Ronald D. Knutson
Ronald D. Knutson's Appreciation Club was established in recognition of Professor Knutson's many noteworthy contributions to the agricultural economics profession, especially in public policy education. He has had a career of scholarship and innovation in teaching, leadership in the development of extension public policy education programs, leadership in the development of professional input into the policy decision process, and professional service to Farm Foundation and AAEA.
Scholarship and Innovation in Teaching
Knutson is the lead author of the undergraduate policy textbook, Agricultural and Food Policy--the first to recognize that agricultural policy includes international, resource, and food policy components, as well as domestic farm policy. This book, having served the professional test of time, was redesigned in the 5th edition to communicate with agricultural economics majors, non-majors, and policy makers. To give students experience in the policy process, Knutson created the Texas A&M College of Agriculture and Life Sciences Congressional Intern Program. This program, now administered by the Dean's office, has given over 298 students experience in congressional and state legislative offices.
Leadership in Extension Public Policy Education Programs
From his arrival in 1975 at Texas A&M University, Knutson provided leadership for development of nationally distributed public policy education materials for every farm bill through the 1996 bill. These materials were utilized by policy educators throughout the US and also used in classrooms.
While well known and relied on by policy makers for his expertise in domestic farm policy and dairy policy, Knutson also provided national and state leadership in other areas where voids in knowledge of policy options and consequences are apparent. In 1987 he was national co-chair for the development of a set of extension education materials on rural development policy options and consequences that received the AAEA Quality of Communication Award.
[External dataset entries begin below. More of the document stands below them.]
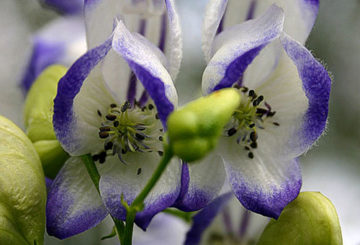 Flores de acônito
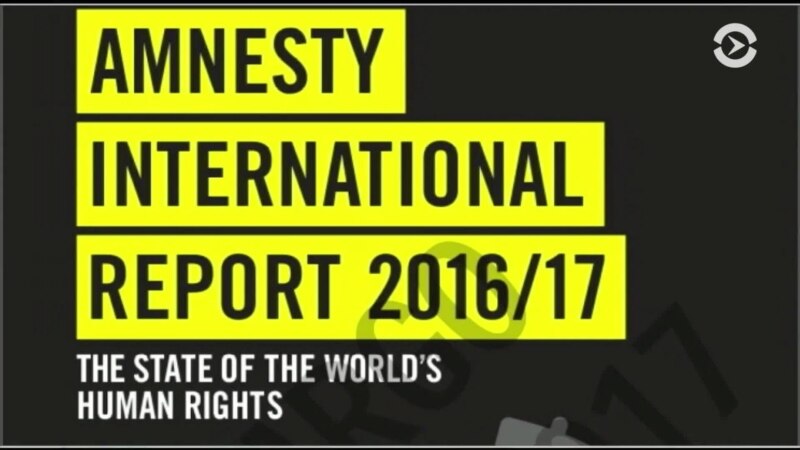   Amnesty International         2016/2017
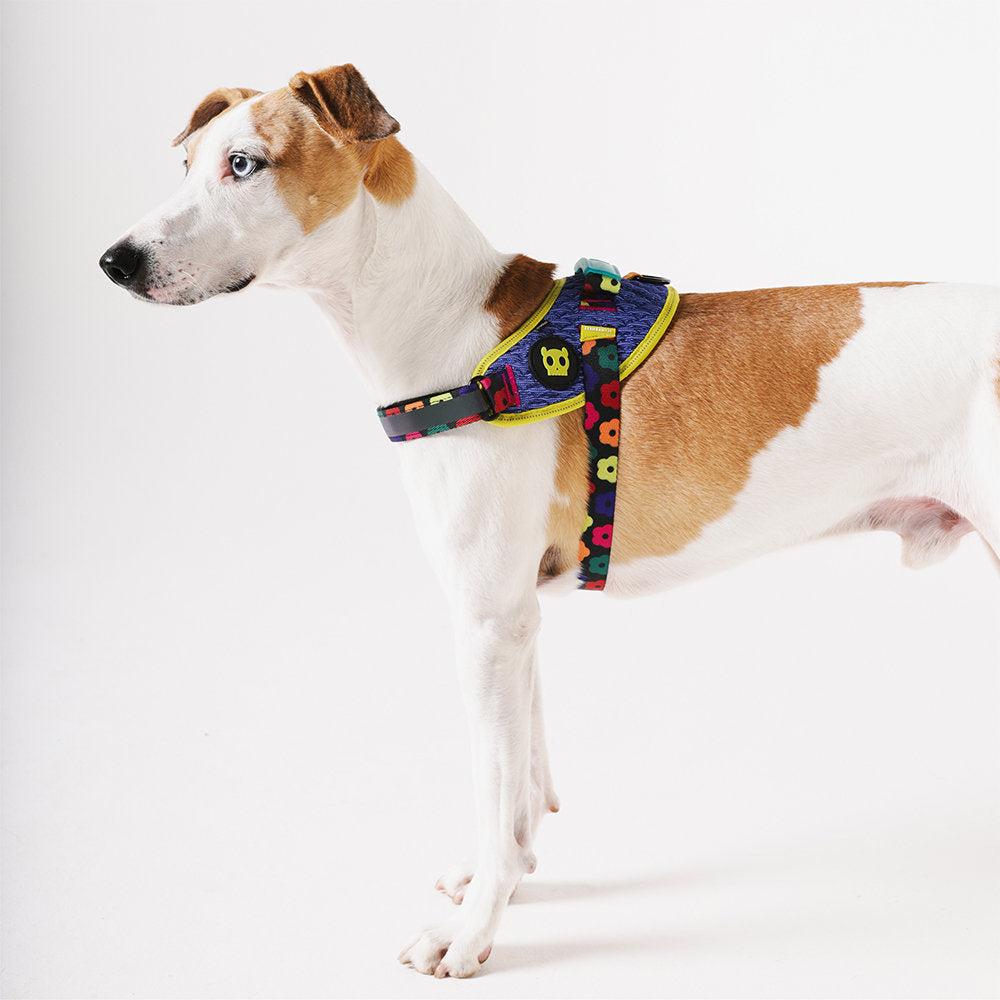 Zee.Dog - Pettorina con maniglia - Flyharness Farm Rio Samba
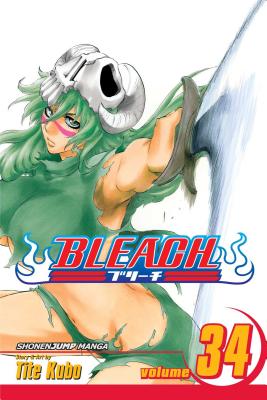 Bleach, Vol. 34 cover image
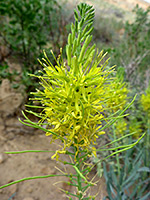 Seed pods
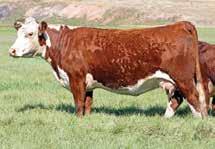 This 2017 crop will include progeny of a number of young, stacked pedigree sires as well as calves by proven trait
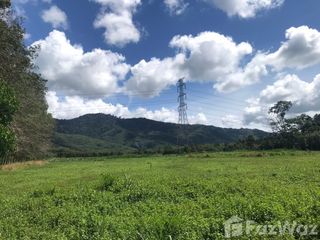 For sale land in Wiang Sa, Surat Thani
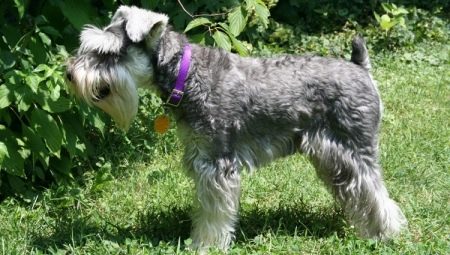 Miniature Schnauzer haircuts: what are and how to choose?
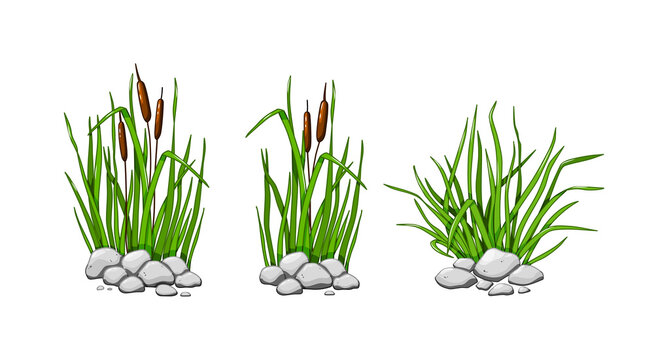 Reeds and grass grow in the stones. The green grass set is isolated on a white background. Vector illustration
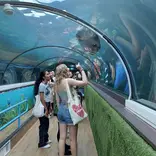 Students visiting aquarium in Sydney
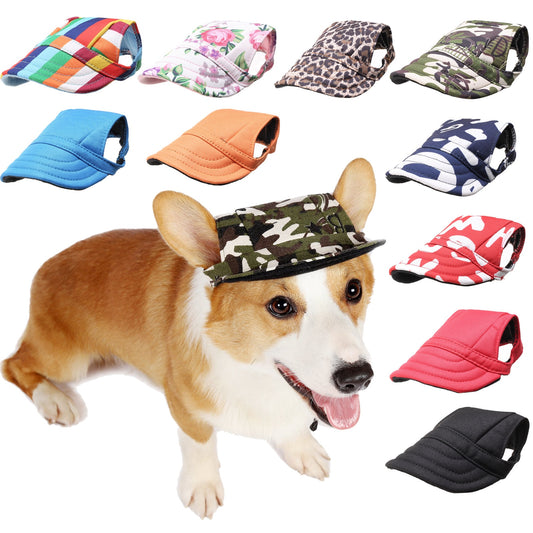 Colorful dog hats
Professional Input into the Policy Process
Knutson fostered, developed, and administered means of providing direct professional input into the policy process. The best example of this is the Agricultural and Food Policy Center at Texas A&M University. Knutson was involved from its inception in development of AFPC's congressional funding base. AFPC farm impacts analyses became linked to FAPRI's analyses of sector impacts of policy changes.
While Knutson does not take credit for development of the Cornell University Dairy Markets and Policy Program, it grew out of the same congressional funding base as AFPC, and Knutson has been an active participant in developing education materials for that program since its inception. As a result of his continued involvement in the Cornell program and his extensive background in dairy marketing and policy research, Knutson has been called upon by two Secretaries of Agriculture to head up a Milk Pricing Advisory Committee and a University Study Committee on Milk Pricing. Both made major contributions to changes made in Federal Milk Marketing Order pricing policy.
Knutson played a key role in fostering implementation of the so-called big tent concept designed to serve all members of the profession. His service in this capacity began prior to his election as a member of the AAEA board through active participation in the strategic planning process. As a board member Knutson was an active proponent of sections as a means of achieving increased relevance. As chair of AAEA's priorities and governance committee, he provided leadership for section involvement in the nomination of officers and in program development.
Knutson's role on the Farm Foundation board of directors and as its first academic chair, has been to provide leadership for board input into program development, to ensure that it maintains a neutral stance regarding policy issues, and to provide opportunities for agricultural economists to continue to provide leadership for Farm Foundation programs in the face of other vested interest challenges.